Before T & Co completed distribution of the monies, the senior partner was declared bankrupt and the practice was then taken over by U & Co.
U & Co claimed to be under a duty to collect fees owed to T & Co and, unless these were paid, it refused to release the estate monies as well as wills, pension and insurance policies and deeds relating to a family trust.
Eighteen months passed without progress, and in the meantime Ms S's mother died.
Ms S complained to the OSS about U & Co's stance.
After a brief investigation, the OSS decided that the solicitors were correct to exercise a lien on the monies and documents.
It said that Ms S's mother had been notified by U & Co of its takeover, but the OSS said that the solicitors were not under a duty to notify Ms S or her brother of the change, as they were not the clients of the solicitors.
While the ombudsman was investigating Ms S's complaint about the OSS's decision, it became apparent that all was not well at the firm of U & Co.
In fact, the senior partner at the firm had been declared bankrupt, its offices abandoned and vandalised, and the Society had intervened in the practice.
There was no sign of the estate monies, nor of the disputed documents.
The ombudsman decided that the OSS's decision on the service aspects of Ms S's complaint was reasonable, as she and her brother were not the solicitors' client, but that it had failed to investigate the conduct aspects of her complaint.
Accordingly, the ombudsman recommended that the OSS reconsider.
Chasing rainbows
Mr & Mrs A's relatives purchased a house in the late 1950s and, in 1994, ownership was transferred to Mr A and his brother.
The firm of B & Co acted for the family throughout and it also stored the title deeds for safe keeping.
Unfortunately, in 1996, following the death of the firm's sole practitioner, the practice was intervened in by the Law Society.
In 1997, Mr A decided to sell the house and Mr & Mrs A contacted the Society and its intervention agents C & Co to ask about the deeds.
The news was not good.
According to C & Co and the Society, the deeds were destroyed when the cellar in which they were stored was flooded.
However, the Society advised that a new firm of solicitors should be appointed to reconstitute the title and the costs would be paid by the Solicitors' Compensation Fund.
D & Co were duly instructed by Mr & Mrs A.
The solicitors set to work on the problem.
Unfortunately, after two years and three attempts at recreating the title to the property, the best they could achieve was a possessory title.
By this time, a buyer had been found for the house, but his solicitor was not prepared to accept the poor substitute for absolute title.

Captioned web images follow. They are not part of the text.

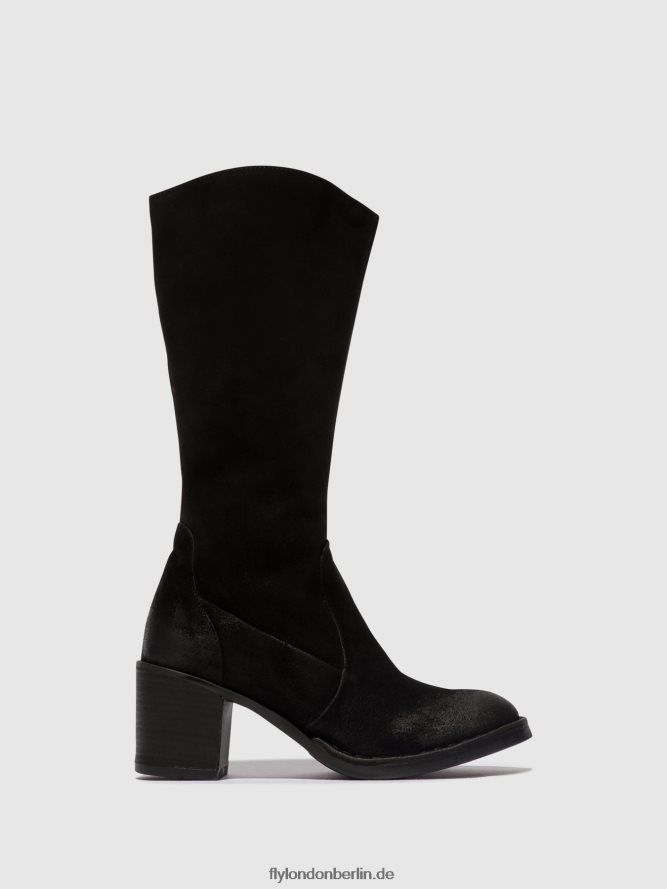 Frauen Fly London Schwarz Stiefel mit Reißverschluss balo096 DP8RD8304
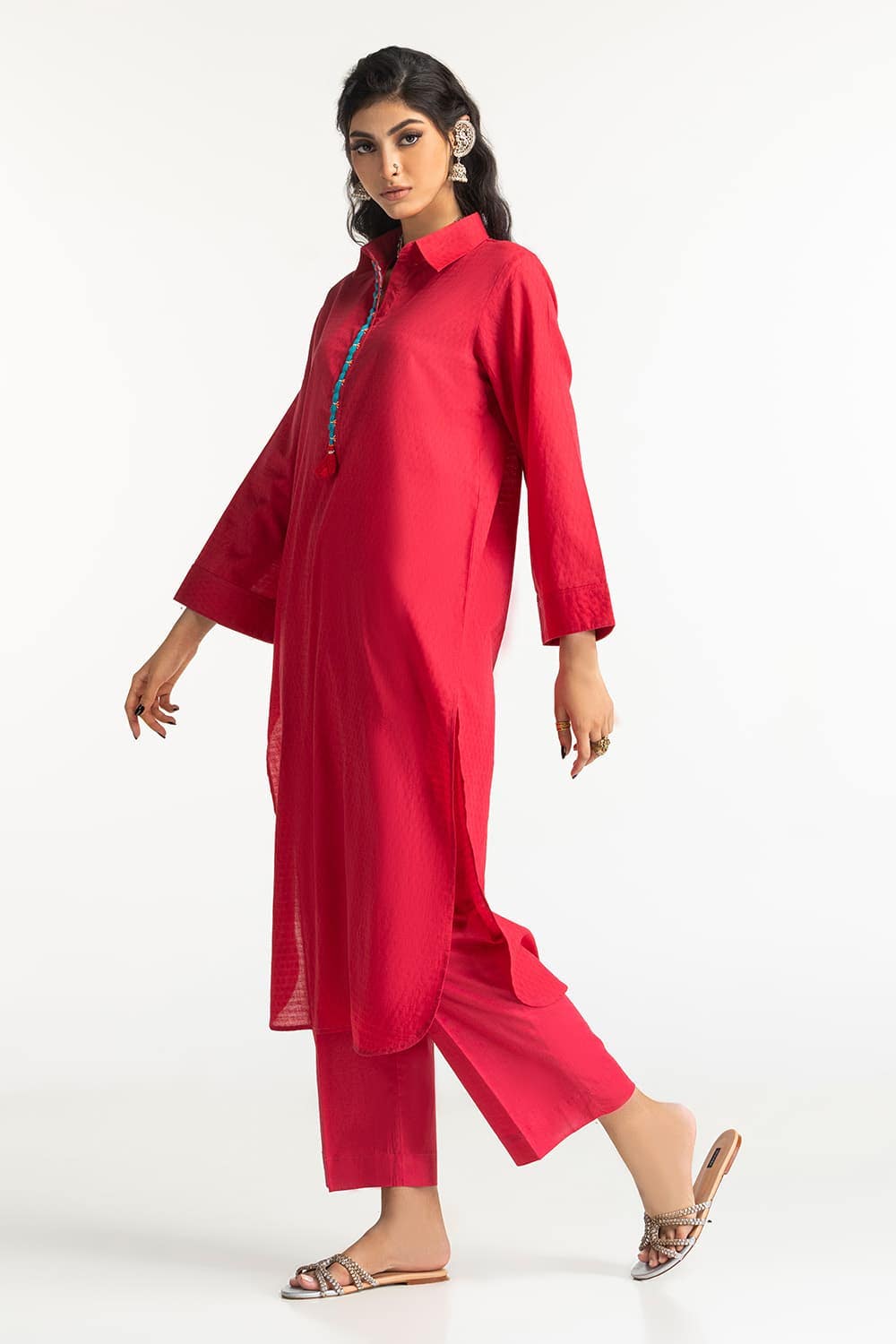 Dobby Dyed Embellished Shirt And Trouser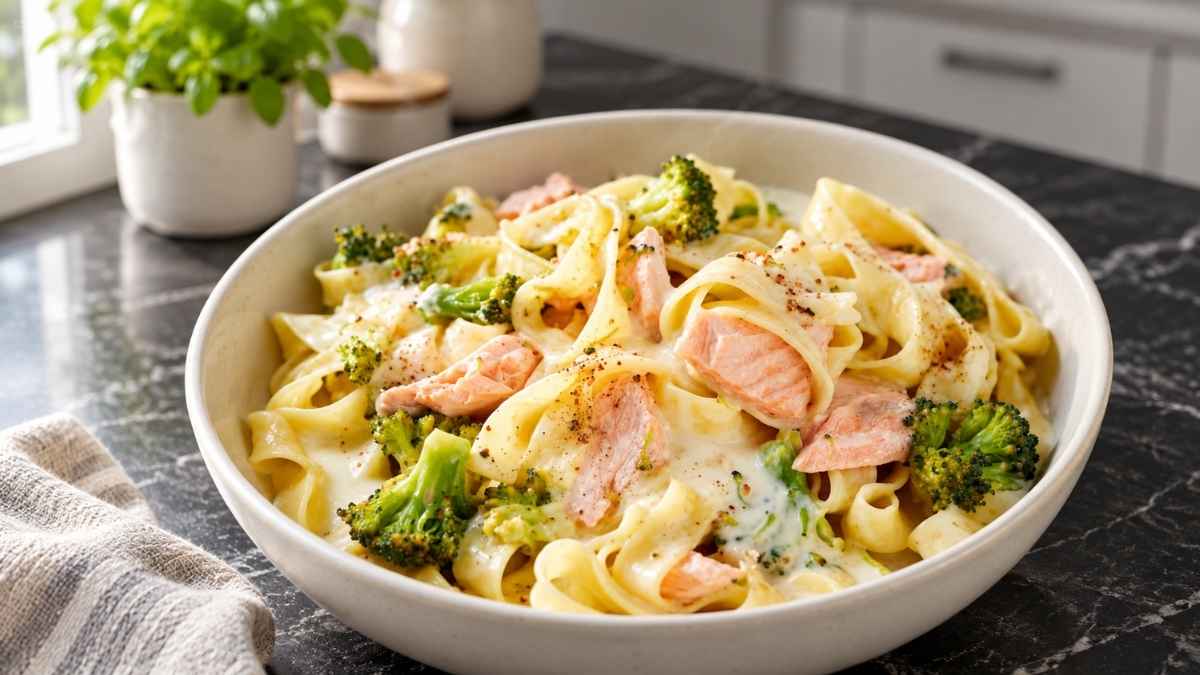 Bandnudeln mit Brokkoli-Lachs-Sauce
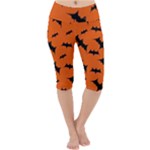 Halloween Card With Bats Flying Pattern Lightweight Velour Cropped Yoga Leggings
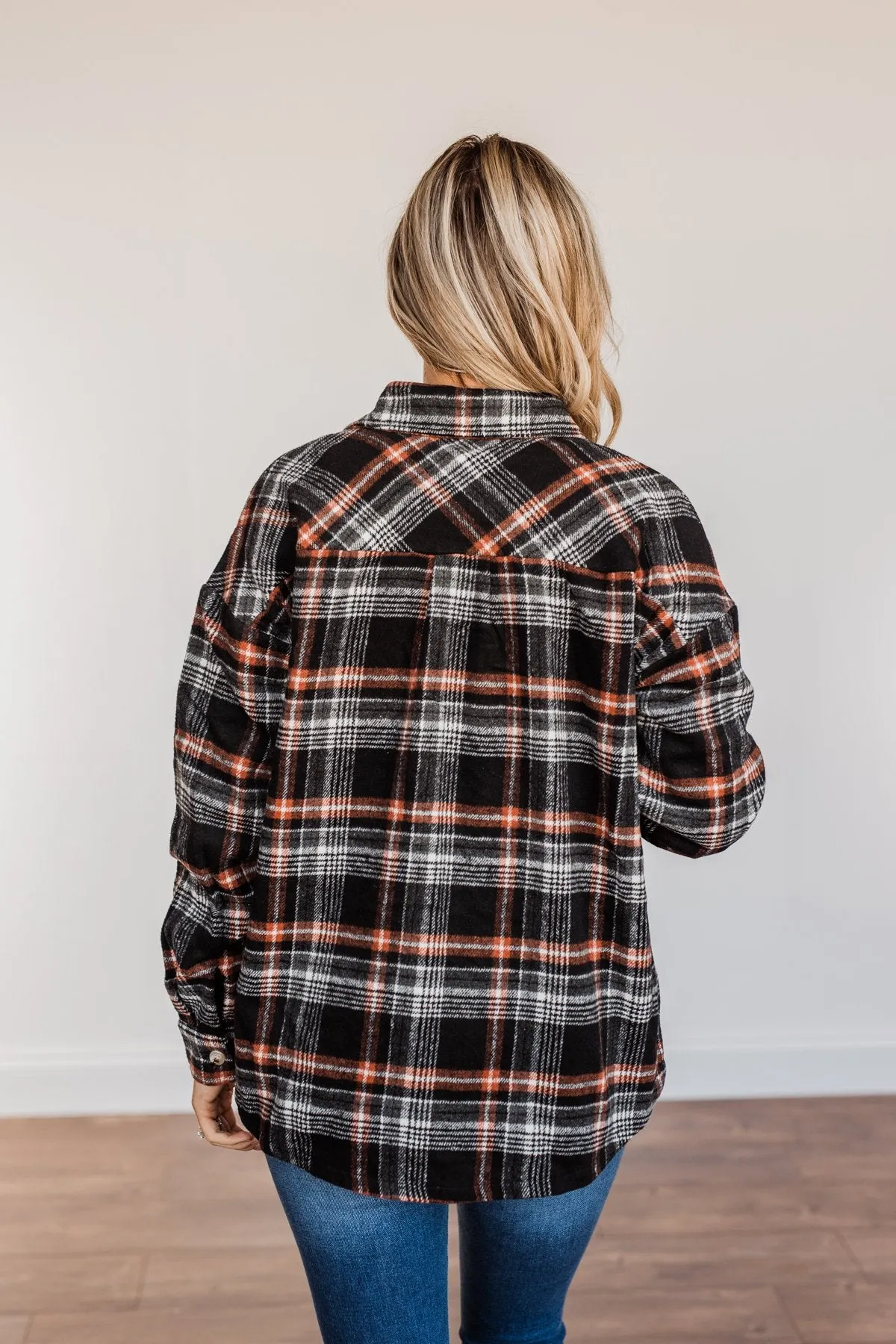 Happiest Pumpkin Plaid Jacket- Black & Orange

So, the buyer's solicitor made his own enquiries about the fate of the deeds.
In a matter of days, the buyer's solicitor found that the original deeds had not been consigned to a watery grave in the cellars of B & Co.
In fact, they were deposited with another firm of solicitors which practised in the same building as the intervention agents, C & Co.
The Office for the Supervision of Solicitors (OSS) received a complaint from Mrs A that D & Co's work had been negligent and shoddy and this had resulted in stress and inconvenience, as well as the loss of an earlier sale.
Eventually, a report on the service provided by D & Co was put to an adjudicator.
One of the issues the adjudicator was asked to consider was the apparent ease with which the original title deeds had been found by the buyer's solicitor.
The adjudicator said that D & Co had made what enquiries it could and 'that there was little point chasing rainbows' - it was merely good fortune that the deeds had turned up.
The adjudicator decided that the OSS could not interfere with the solicitors' judgement about what action to take to trace the deeds.
However, he found that the solicitors had provided an inadequate service in that they had delayed and had used an incorrect Land Registry form.
The ombudsman decided that the adjudicator had made wrong assumptions about the lengths to which D & Co had gone in its quest for the deeds.
In fact, the solicitors had not made enquiries of the intervention agents, nor of the Society, as the adjudicator thought.
The ombudsman concluded that far from 'chasing rainbows', the buyer's solicitor had made sensible enquiries and, in less than a week, had found not an unlikely pot of gold at the end of the rainbow but the original title deeds.
The ombudsman recommended that the OSS reconsider the complaint.